I have previously written about relationships and expectations. Yet, it is a subject to which I must personally return daily. It is so easy to blame people, places and things for my positive or negative mood on any given day or any hour of any given day. A part of me is well aware that it is always my expectations which have so much effect on my mood. If some person, place or thing is not what I expect at any given moment I often get upset. This makes no sense. I know of course:
- I am not the center of the universe.
- Other people have their own feeling, thoughts, history, fears, and desires which determine the decisions they make.

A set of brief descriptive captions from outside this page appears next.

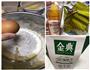 冷藏发酵面包的做法图解2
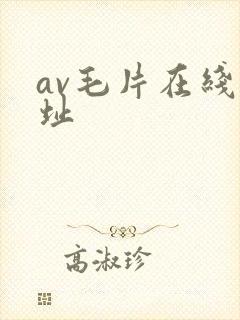 av毛片在线网址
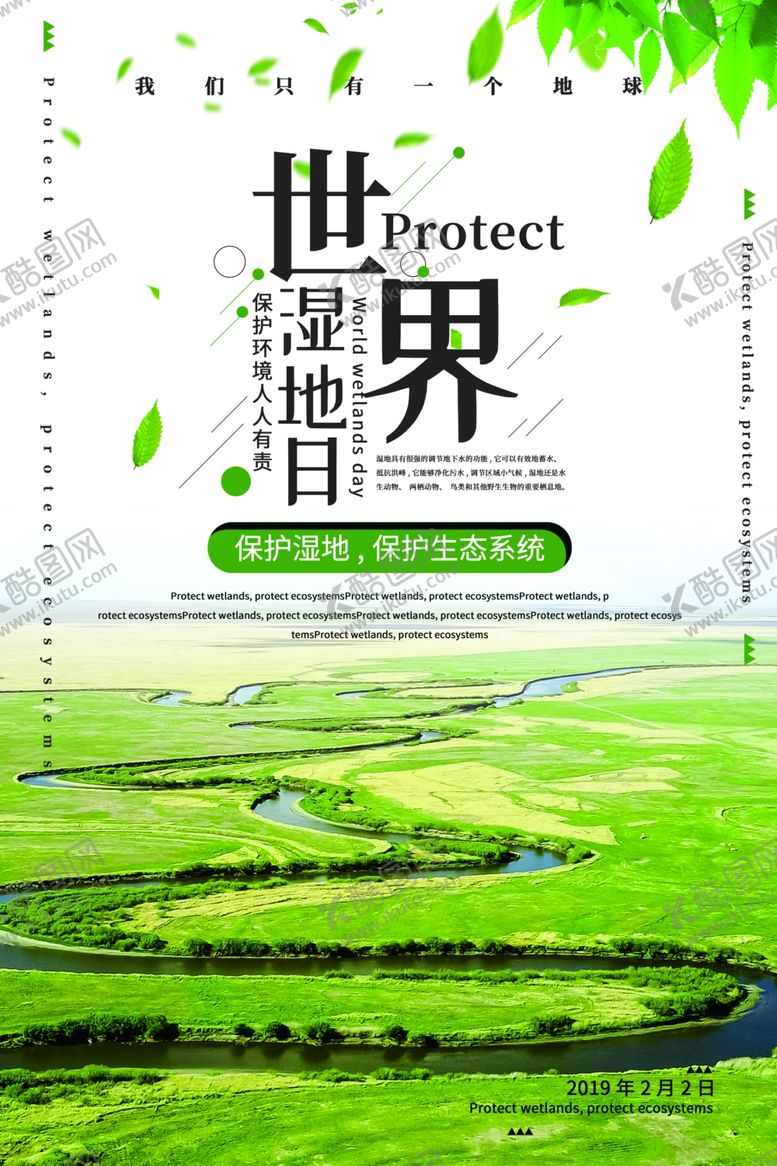 编号：37401211011145053325【酷图网】源文件下载-世界湿地日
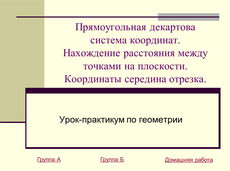 Прямоугольная система координат. Расстояние между точками. Координаты середины отрезка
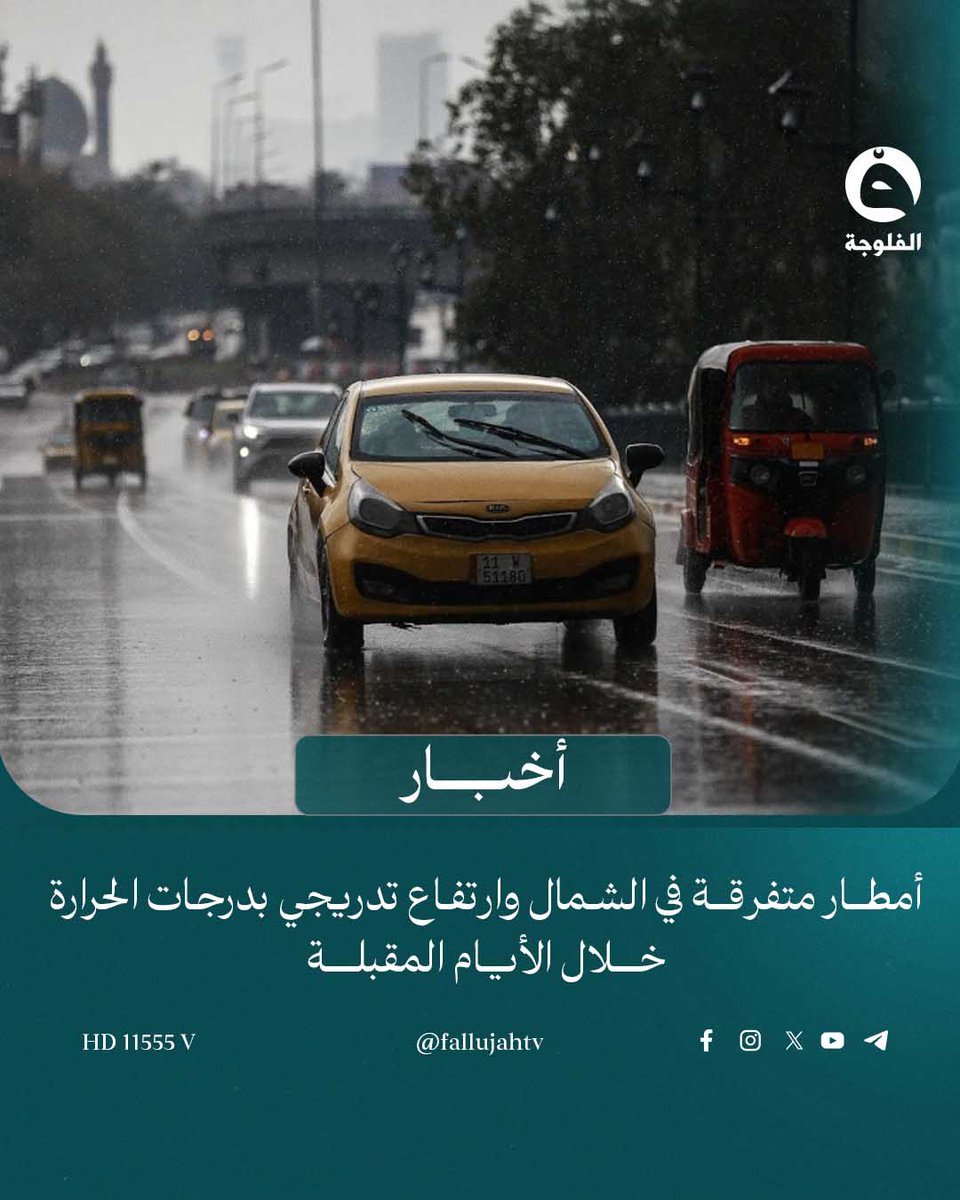 قناة الفلوجة tweet media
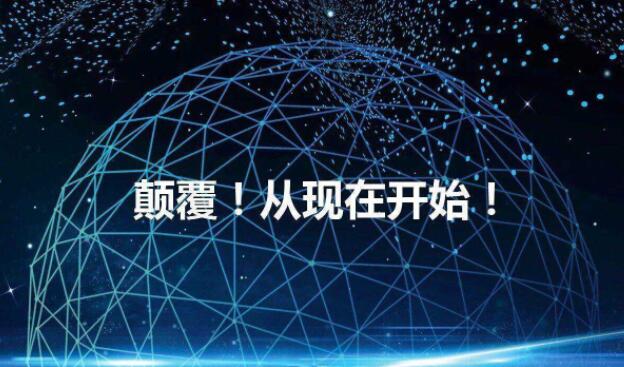 传统电商趋势的变化,小程序的机会在哪?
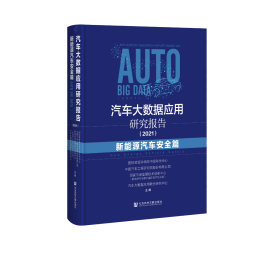 汽车大数据应用研究报告（2021）：新能源汽车安全篇                         国际欧亚科学院中国科学中心 中国汽车工程研究院股份有限公司 国家市场监管技术创新中心（新能源汽车数字监管技术及应用） 汽车大数据应用联合研究中心 主编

- Mother nature decides what to do on any given day without considering how her actions affect me.
- Things do what things do. They work or just are. They wear out, change form, break down, or cease to be independent of my needs.
These are very simple truths. Theoretically, I “should” be able to internalize them and react on the basis of them. Simple enough. Then why do I frequently act surprised, angry, disappointed, or harbor resentments when other people, places and things do not follow my carefully outlined plan for the day?
By 6:00. a.m. this morning I had “miffed (not anger exactly!) feelings directed at two friends who had been “ignoring me”. Of course, I “know” that they have a life separate from me which affects their ability to nurture relationships. Both are on a healing journey, but as is true for all of us, it is indeed a journey and not a destination. They are still human and have lives separate from our relationship. The fact that they did not respond to communications the past few days has nothing to do with me even though it affected me. Truth be told, I also have a very busy life and was not exactly sitting around waiting for their responses. Yet, when I had a second to realize they had not responded my first thought was they were ignoring me. Many times, each day I momentarily think of someone with whom I have not connected recently and may or may not write down a time to call or write them. The fact that although I write a lot of letters, often pick up the phone, and use social medical, email, and messaging, to stay in touch with friends my good intentions often do not become manifest reality. This has nothing to do with how much I care about particular people This has everything to do with the decisions I make regarding my priorities. The simple truth is that some days – actually most days – I have more on my plate than I can possibly accomplish. While I try to make relationships primary I still run out of time. Some days I have a little time left but no energy. I am not intentionally ignoring anyone although I am intentionally setting priorities and making decisions. If someone’s feelings are hurt or someone feels neglected I will again examine my priorities and possibly make new decisions about my schedule.
Sometimes no matter what I do or do not do another person is angry at me because I did not meet their expectations or perceived needs. I can empathize, even apologize, but no matter what I do they may decide that my action or inaction is unforgiveable. That may leave me feeling sad but I do not need to beat myself up. If appropriate I will apologize. I may have said something in anger, or inadvertently hit a nerve. Often, however, I simply was not able to be the person they thought that I was or should be. Each of us tends to create a designer model of what we want another to be. This designer model often bears little resemblance to the actual person. When someone does not accept this designer costume personality then the designer may be angry or “disappointed”. We can all do this to others; partners, parents, teachers, mentors, sponsors, employers or friends. We confuse our designer model with the actual person. Seldom are designer models’ human. Real people are human which may result in grave disappointment. We may need to smile while accepting this simple truth.